Indeed, for all the work and the billions poured into the cleanup, nature itself and luck played a very big role. Fortunate ocean currents kept some of the oil from ever reaching shore, while the decision to increase the flow of the Mississippi River provided an additional pushback. As a result, while parts of the southern Louisiana coast were hit hard by the oil and crude can still be seen in the marshes much of the Gulf Coast was spared heavy oiling, and the spill never curled around Florida as forecasters feared in the early days. Around 8,000 birds were identified as killed by the spill, though researchers suggest that at least eight times as many likely died but were never found. Even so, that would be far less than the 250,000 birds estimated killed in the aftermath of the Valdez spill, even though that spill was far smaller. Local conditions mattered the Valdez spill occurred in the relatively compact Prince William Sound, maximizing the impact on birds in the area, while the BP spill spread out over some 1,600 miles (2,580 km) of the Gulf Coast.

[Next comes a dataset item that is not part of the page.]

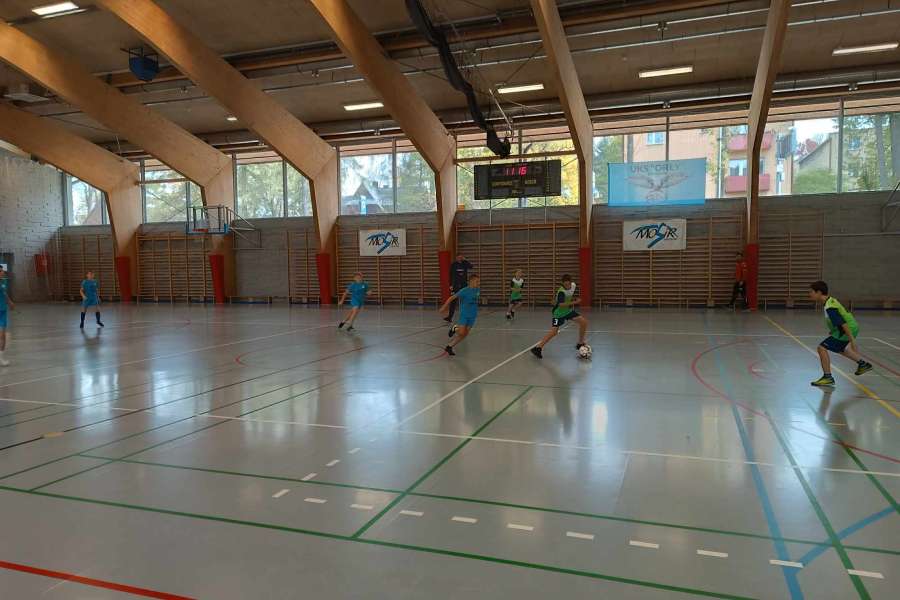 Igrzyska dzieci Gminy Zakopane w Halowej Piłce Dziewcząt-23-24a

The Gulf's valuable fisheries also seem to have escaped the worst damage. John W. Tunnell Jr., the associate director of the Harte Research Institute at Texas A&M, estimated in a report that the region's shrimp fisheries would rebound to normal within two years, while blue-crab populations would be back to normal this year and commercial fish species such as red snapper and grouper largely escaped any negative impact. (Oyster beds, hit hard by the oil, might take up to a decade to recover, however.) It's possible that the lengthy moratorium on fishing in much of the Gulf during the worst days of the spill when up to 84,000 sq. mi. (217,600 sq km) were off limits may have even given some fish species a much needed break from exploitation, allowing them to recover in population.
Nonetheless, 1,000 sq. mi. (2,600 sq km) of water over the original Deepwater Horizon site are still off-limits, and we won't really know how quickly fishing will rebound until boats are back in the water in large numbers, reporting back to scientists. (The herring fishery in Alaska's Prince William Sound seemed fine after the Valdez spill, only to collapse three years later.) The already overfished bluefin tuna saw some of its spawning areas in the Gulf hit by the oil and dispersants, though it looks like the fish managed to weather the worst of the accident. In recent weeks marine biologists have found unusually high numbers of dead dolphins washing up on the Gulf Coast the fate, some scientists suspect, of many of the species' young born during the spill. And Samantha Joye, a marine scientist at the University of Georgia in Athens, found evidence of dead invertebrates starfish and even coral on the bottom of the Gulf, along with oily, sticky bacteria. "These are keystone species to the ecosystem," Joye said at the meeting of the American Association for the Advancement of Science in February.
Indeed, that's the challenge for any scientists trying to tally up the ecological cost of the oil spill. We simply don't know enough about what has happened and what may happen in the years and decades to come. "The Gulf spill is far from over," says Doug Inkley, senior scientist with the National Wildlife Federation. A year has passed, but we may only be at the beginning.